[What to do]: Exactly as they appear, print the line with "Company Game 001" and each line after it through the end of the entries below; leave out pictures.

(Beginning of The input)

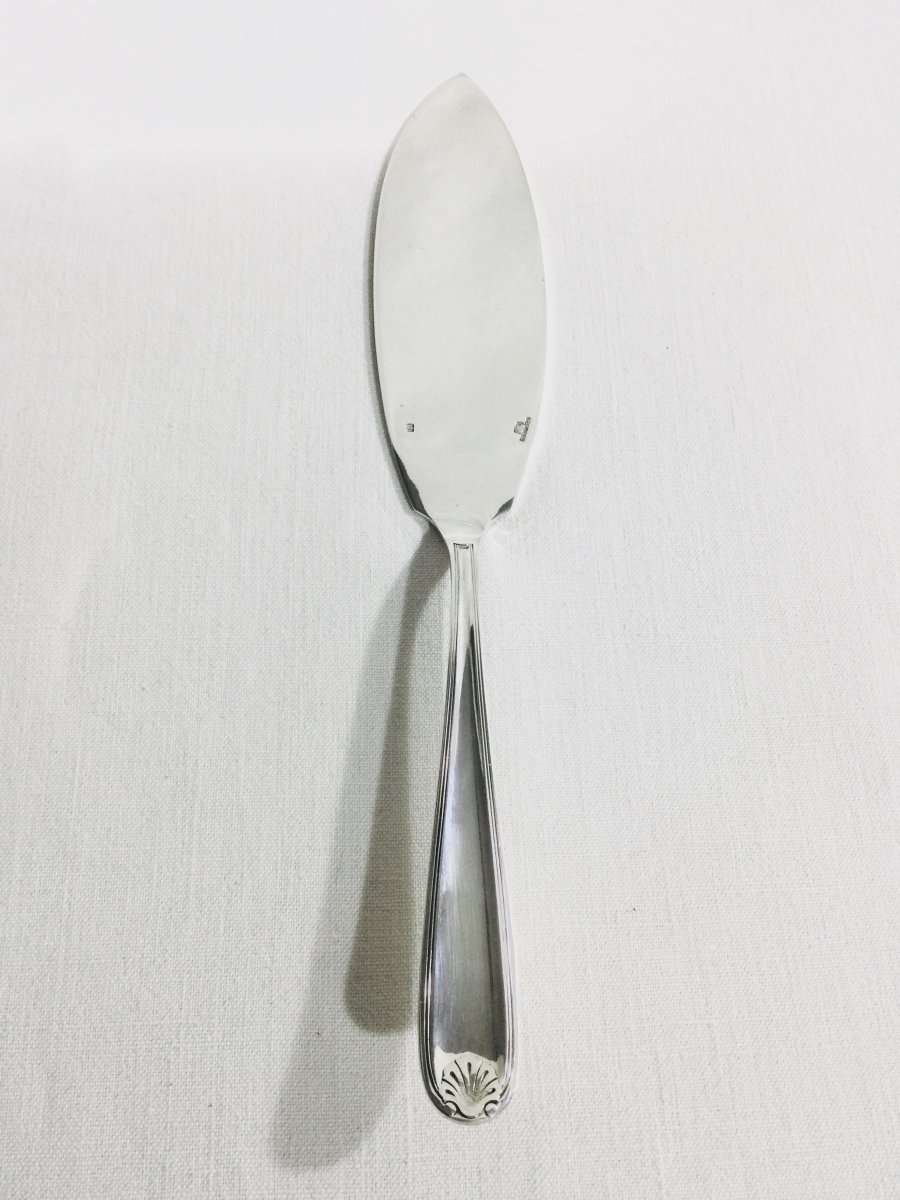 Christofle - Berain Model Fish Service Cutlery-photo-5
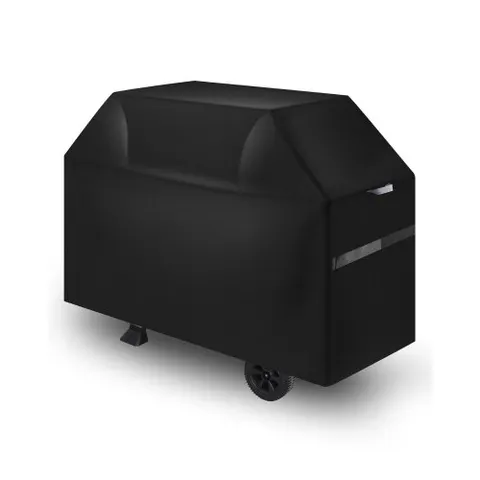 VEVOR Housse barbecue 1700mm, polyester 600D, imperméable, sangles, noir. – image 2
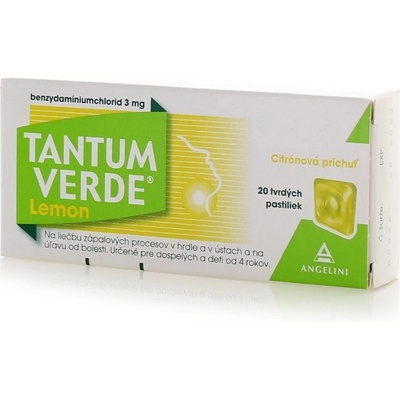 Tantum Verde Lemon pas.ord.20 x 3 mg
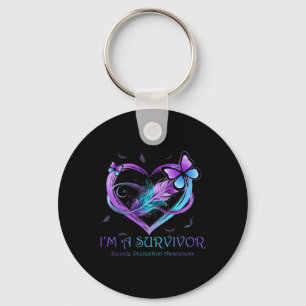 Llavero Soy una sobreviviente de prevención del suicidio c
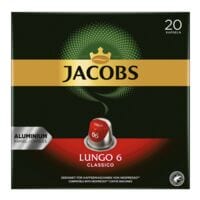 Jacobs 20er-Pack Kaffeekapseln »Lungo 6 Classico« für Nespresso®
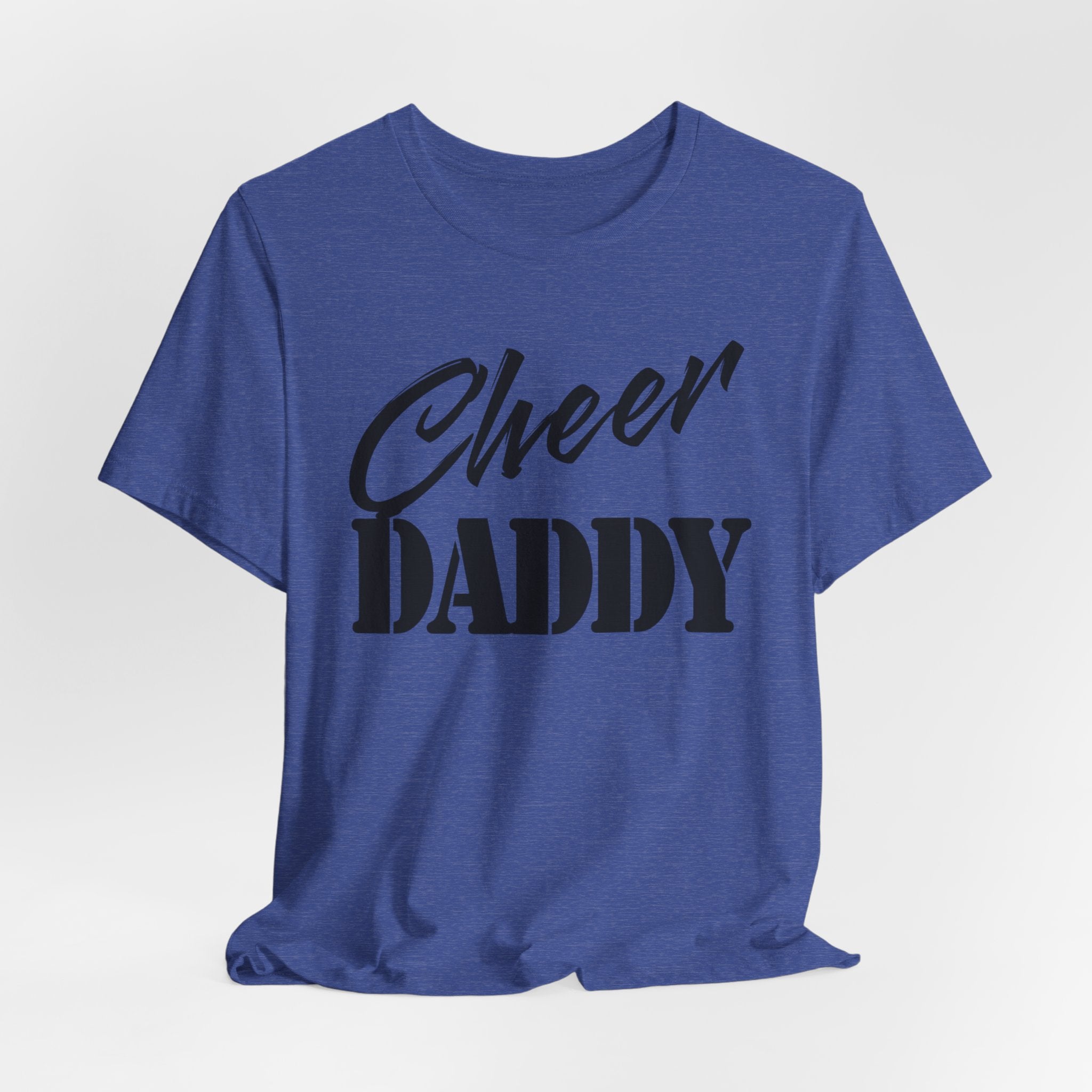 Cheer Daddy T-Shirt —Black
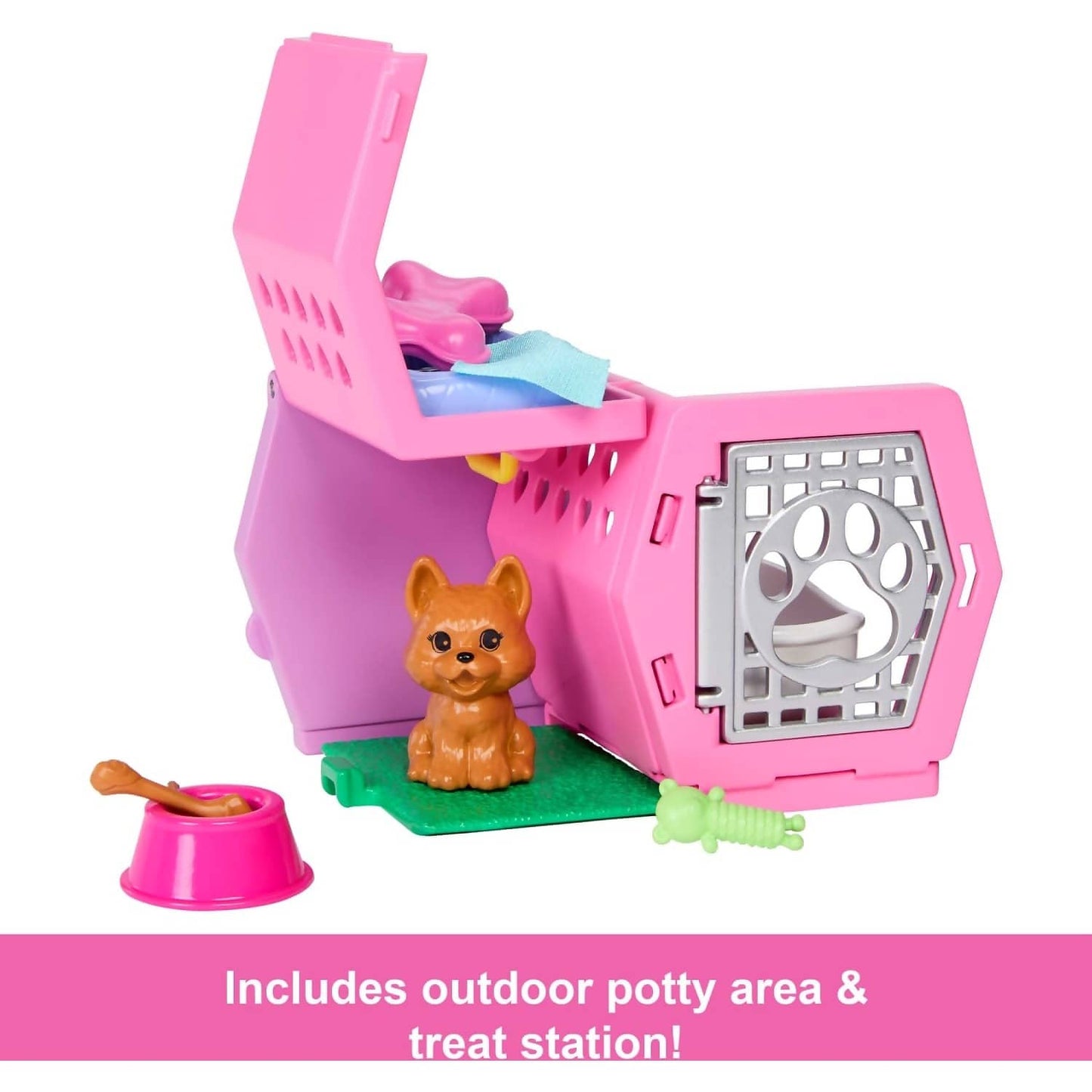 Barbie - Family & Friends Chelsea Puppy Carrier Playset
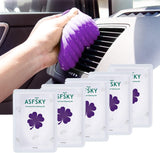 ASFSKY Car Putty Car Cleaning Gel Car Cleaning Putty Car Gel Cleaner Car Slime for Car Dust Cleaner Keyboard Dust Cleaning Gel 5 Pack (Purple)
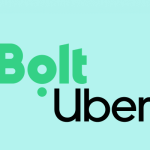 Bolt, Uber logos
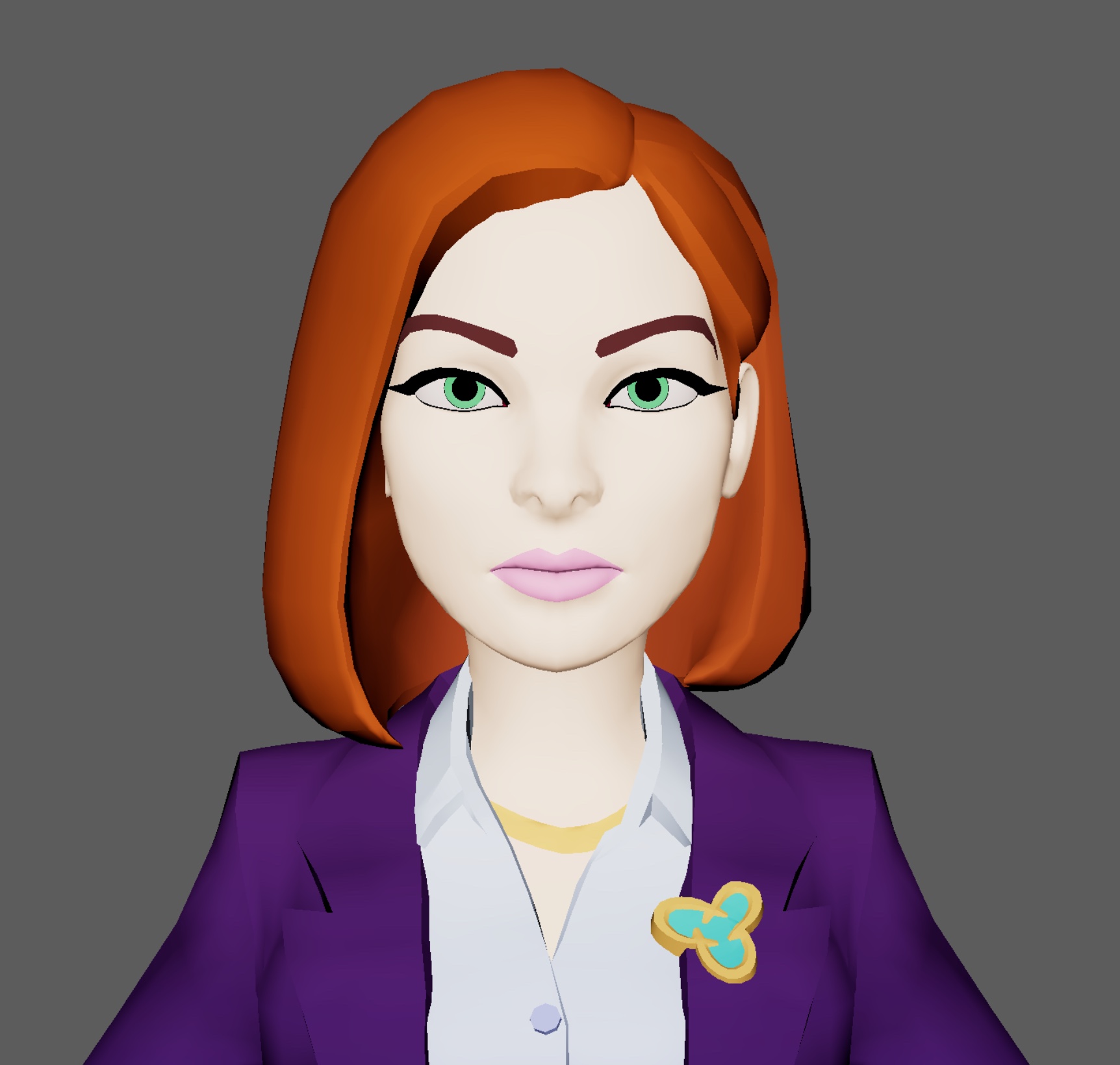 Company Game 001 character 02 face model detail
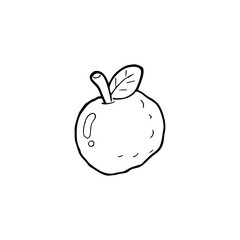 a drawing of a guava coloring page
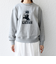 【SHIPS any別注】THE KNiTS:〈洗濯機可能〉ロゴ プリント スウェット 26SS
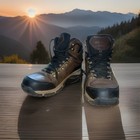 Eddie Bauer Leather Size 9 Brown   Black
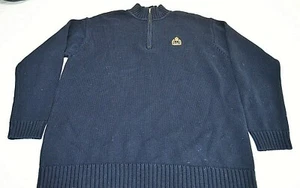 Suéter para mujer Ralph Lauren 1/4 con cremallera suéter manga larga azul talla grande - Imagen 1 de 7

(End of The input)

[Answer area]:
 Company Game 001 character 02 face model detail
 a drawing of a guava coloring page
 【SHIPS any別注】THE KNiTS:〈洗濯機可能〉ロゴ プリント スウェット 26SS
 Eddie Bauer Leather Size 9 Brown   Black
 Suéter para mujer Ralph Lauren 1/4 con cremallera suéter manga larga azul talla grande - Imagen 1 de 7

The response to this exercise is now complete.